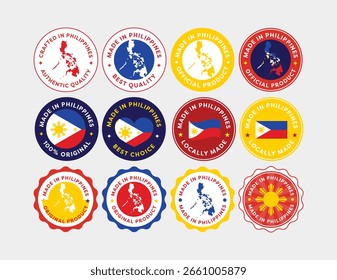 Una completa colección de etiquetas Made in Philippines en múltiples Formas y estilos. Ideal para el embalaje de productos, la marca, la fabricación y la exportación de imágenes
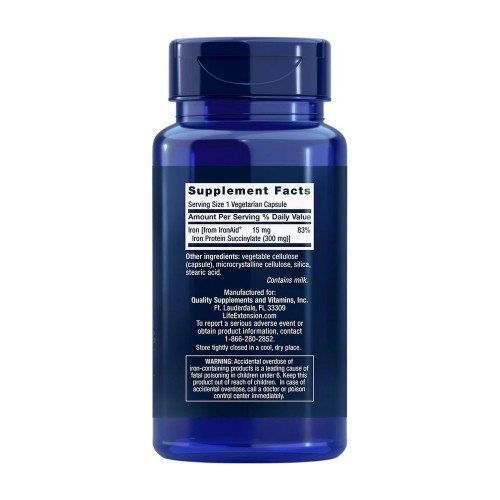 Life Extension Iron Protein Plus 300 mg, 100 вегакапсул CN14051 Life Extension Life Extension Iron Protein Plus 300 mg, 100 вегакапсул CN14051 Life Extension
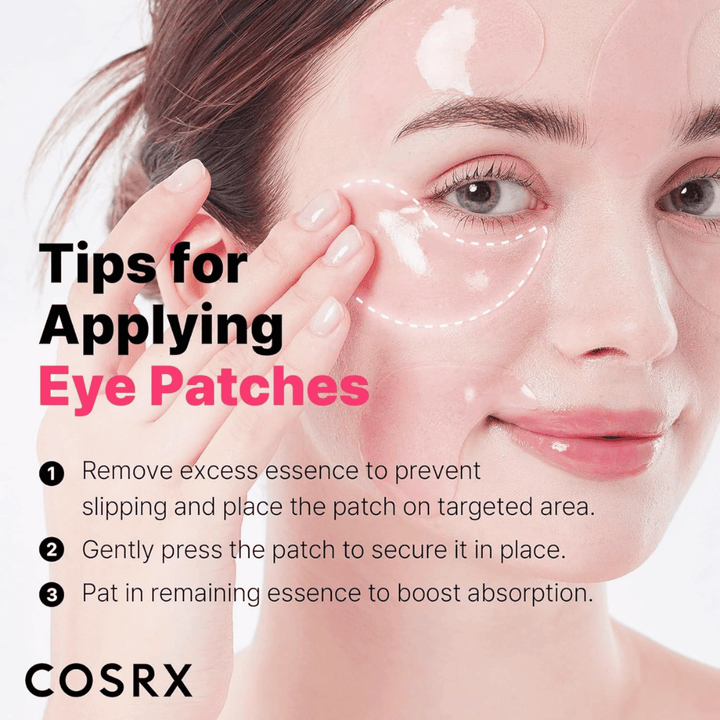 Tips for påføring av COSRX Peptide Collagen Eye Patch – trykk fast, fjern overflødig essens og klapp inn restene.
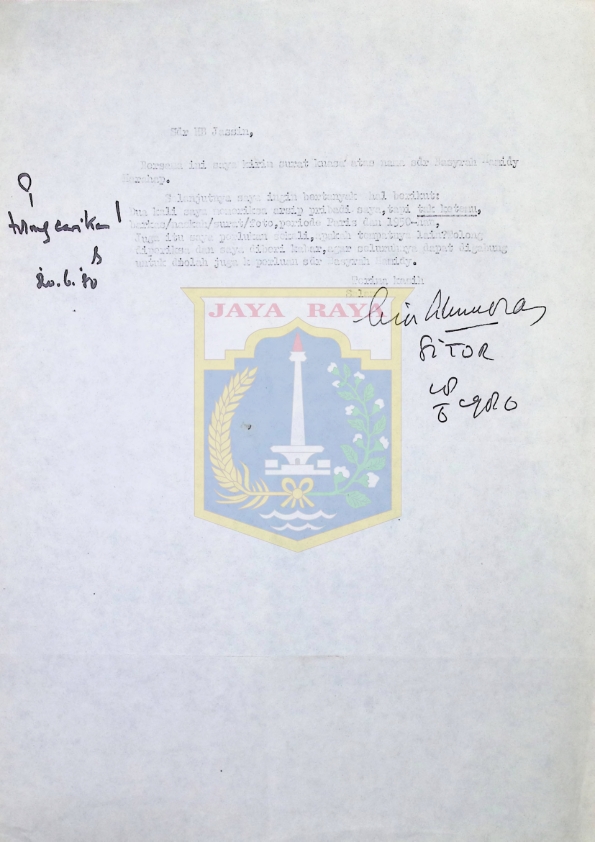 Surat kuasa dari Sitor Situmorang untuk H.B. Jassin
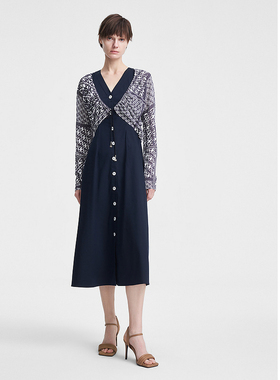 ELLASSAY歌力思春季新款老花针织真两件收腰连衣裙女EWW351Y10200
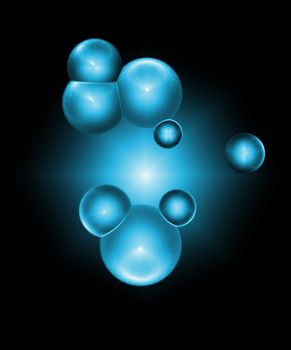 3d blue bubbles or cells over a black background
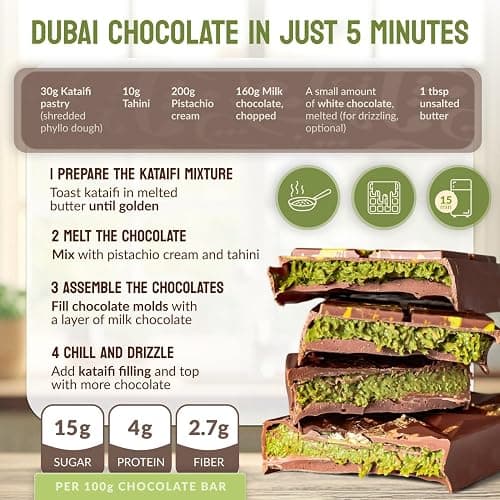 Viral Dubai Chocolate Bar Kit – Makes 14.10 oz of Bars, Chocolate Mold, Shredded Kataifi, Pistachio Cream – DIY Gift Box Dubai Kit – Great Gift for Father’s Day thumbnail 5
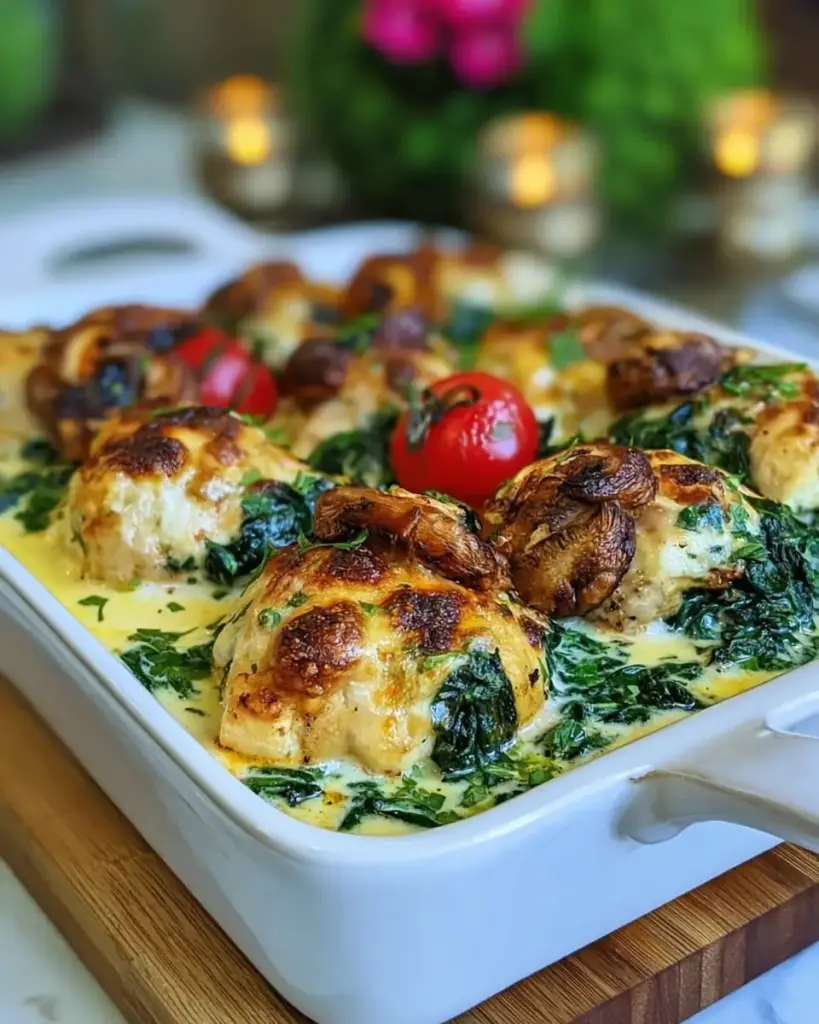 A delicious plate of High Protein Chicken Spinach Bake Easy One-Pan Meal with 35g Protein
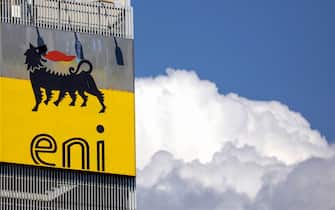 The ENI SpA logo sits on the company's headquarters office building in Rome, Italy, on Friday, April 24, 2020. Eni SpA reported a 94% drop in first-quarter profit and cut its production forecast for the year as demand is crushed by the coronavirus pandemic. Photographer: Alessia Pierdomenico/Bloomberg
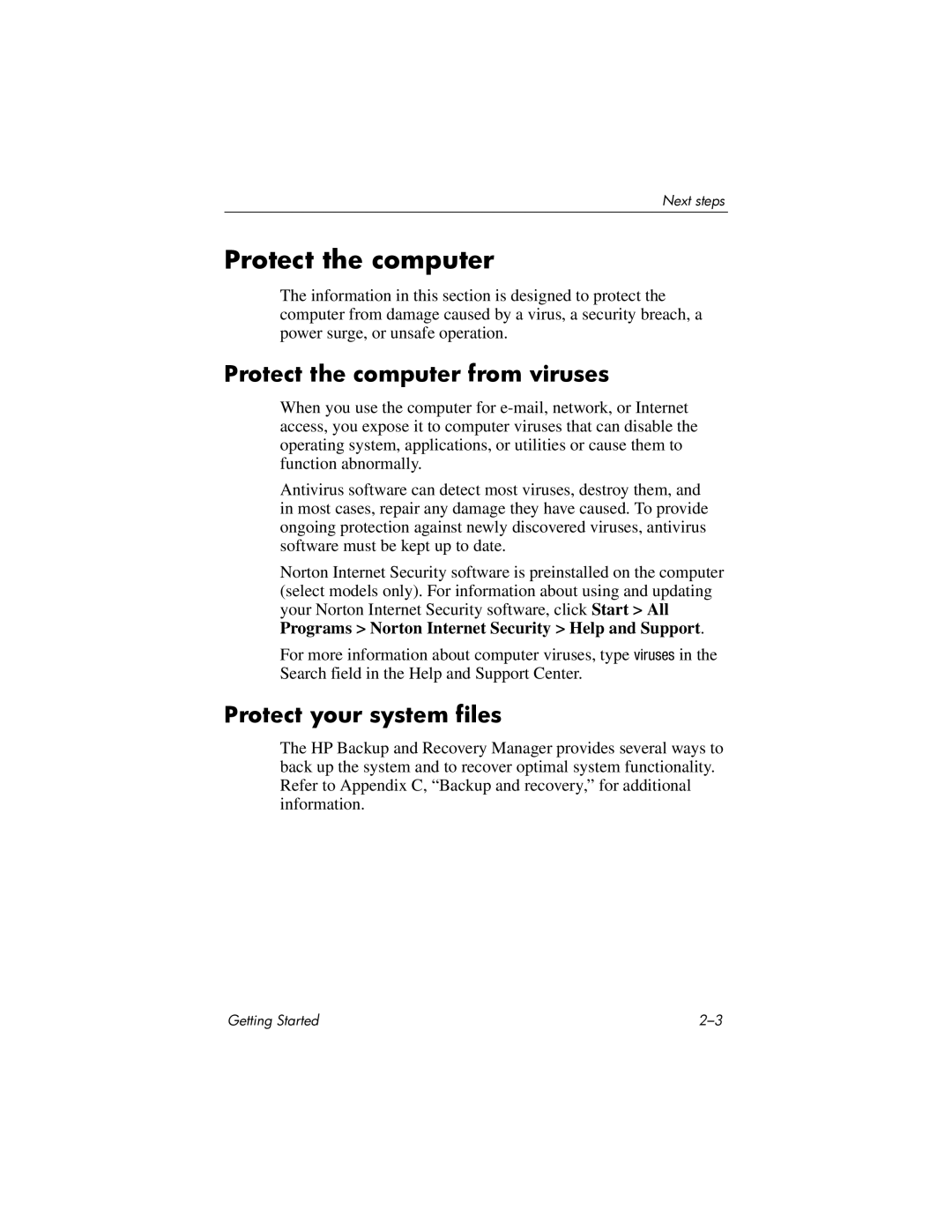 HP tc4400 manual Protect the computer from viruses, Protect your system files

--

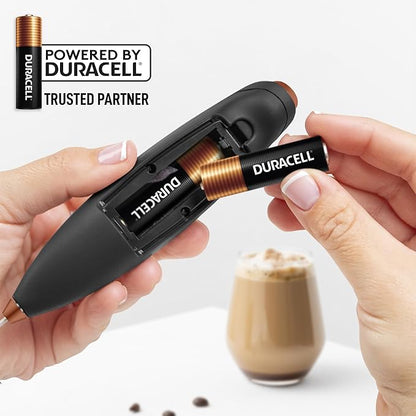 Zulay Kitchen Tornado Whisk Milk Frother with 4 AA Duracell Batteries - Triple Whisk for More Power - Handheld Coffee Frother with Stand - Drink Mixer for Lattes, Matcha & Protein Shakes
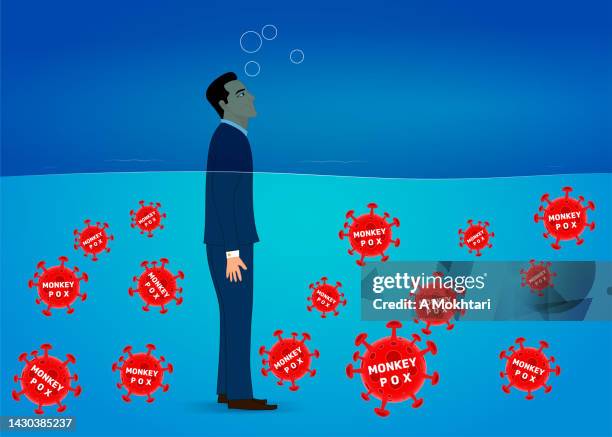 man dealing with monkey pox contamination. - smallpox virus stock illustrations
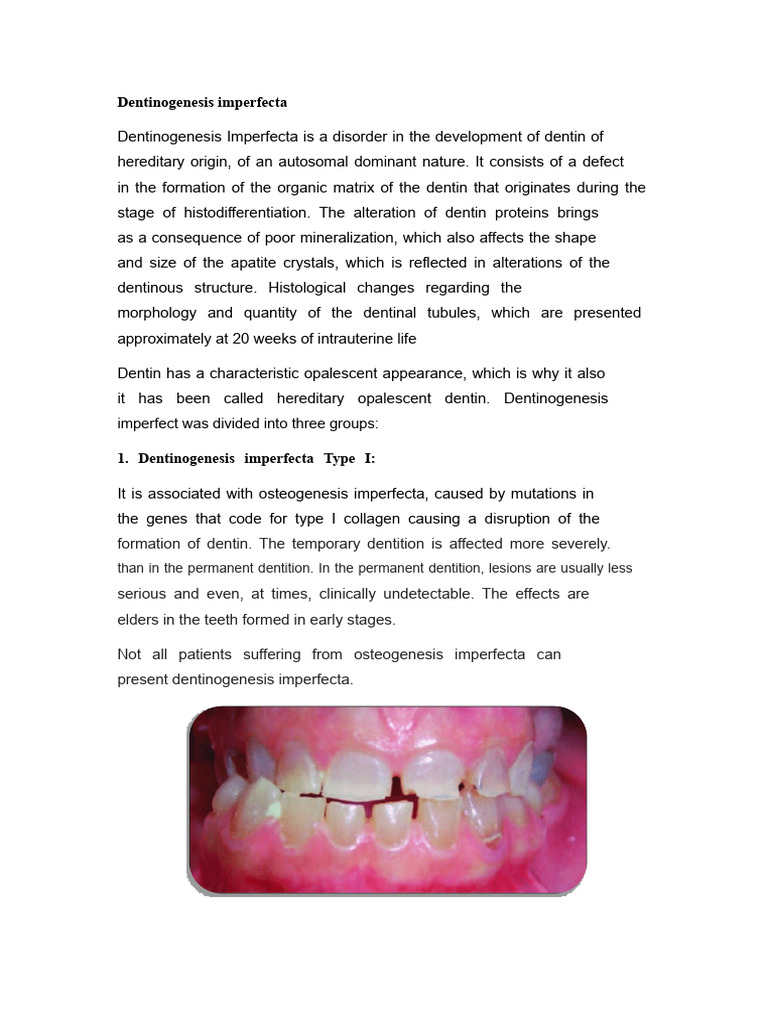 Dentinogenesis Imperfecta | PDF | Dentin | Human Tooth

* * *

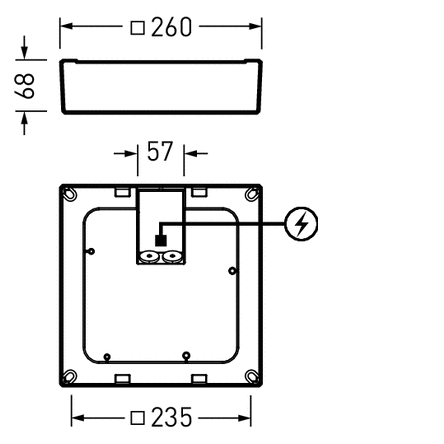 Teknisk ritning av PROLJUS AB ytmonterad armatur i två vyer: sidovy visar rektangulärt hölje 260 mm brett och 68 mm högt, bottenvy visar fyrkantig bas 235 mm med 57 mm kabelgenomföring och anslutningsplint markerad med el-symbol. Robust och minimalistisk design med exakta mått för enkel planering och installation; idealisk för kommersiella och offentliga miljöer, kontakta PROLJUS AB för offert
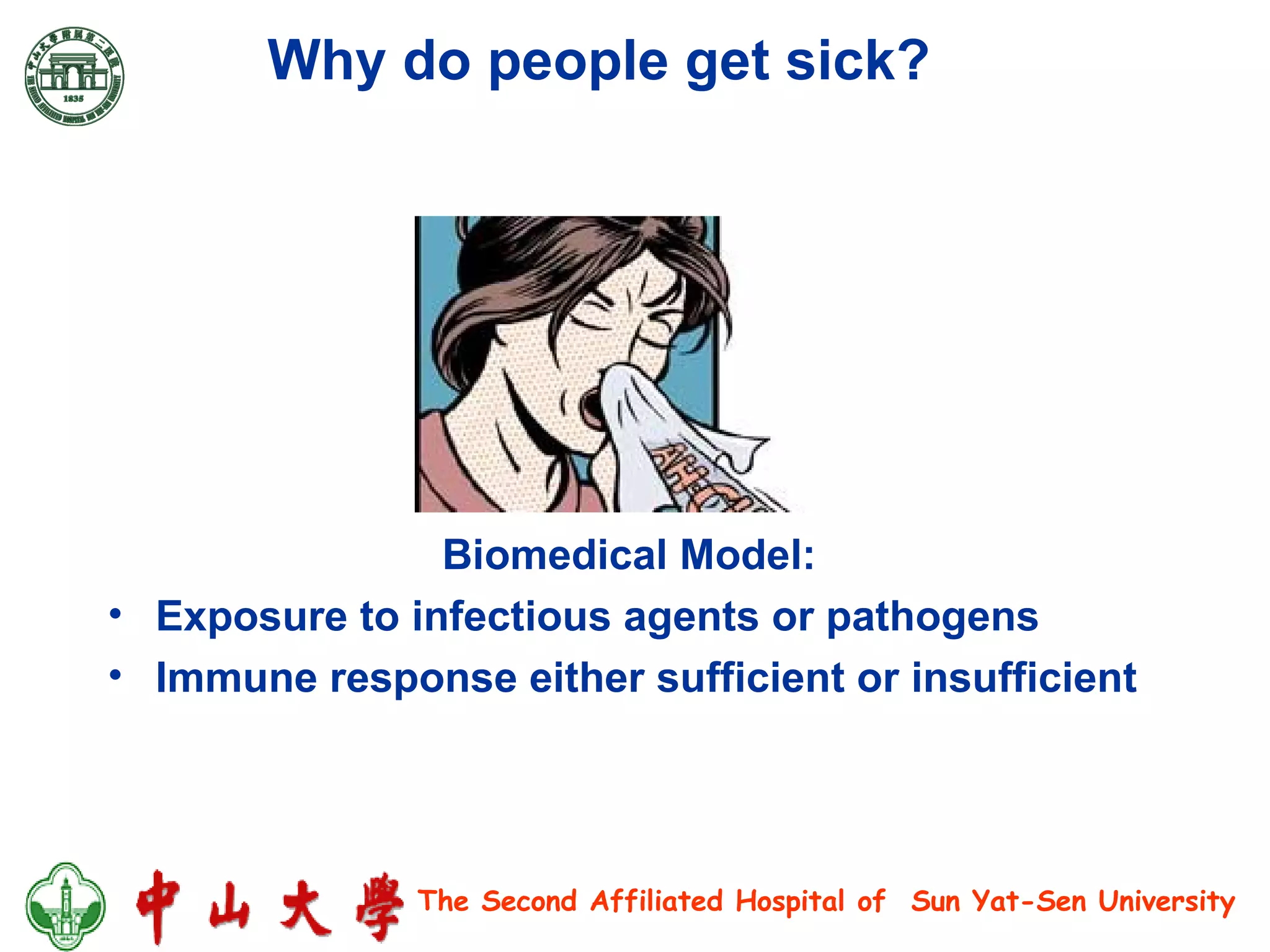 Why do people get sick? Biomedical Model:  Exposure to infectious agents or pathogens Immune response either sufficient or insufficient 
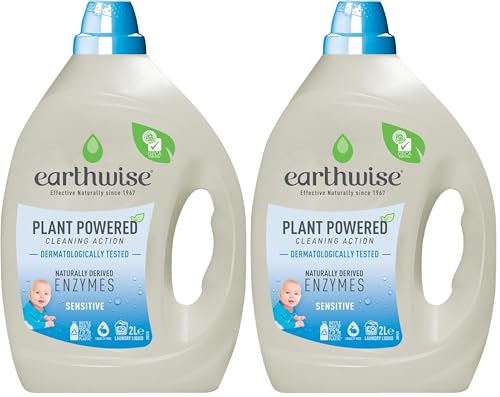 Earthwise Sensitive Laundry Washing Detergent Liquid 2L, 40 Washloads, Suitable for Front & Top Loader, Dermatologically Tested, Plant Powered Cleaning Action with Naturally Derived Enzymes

Aim of the task: Lines from the one above containing "Why do people" down to the one containing "Earthwise Sensitive Laundry" should be transcribed exactly, with both ends kept and no pictures.

Response box:
 Why do people get sick? Biomedical Model:  Exposure to infectious agents or pathogens Immune response either sufficient or insufficient 
 Earthwise Sensitive Laundry Washing Detergent Liquid 2L, 40 Washloads, Suitable for Front & Top Loader, Dermatologically Tested, Plant Powered Cleaning Action with Naturally Derived Enzymes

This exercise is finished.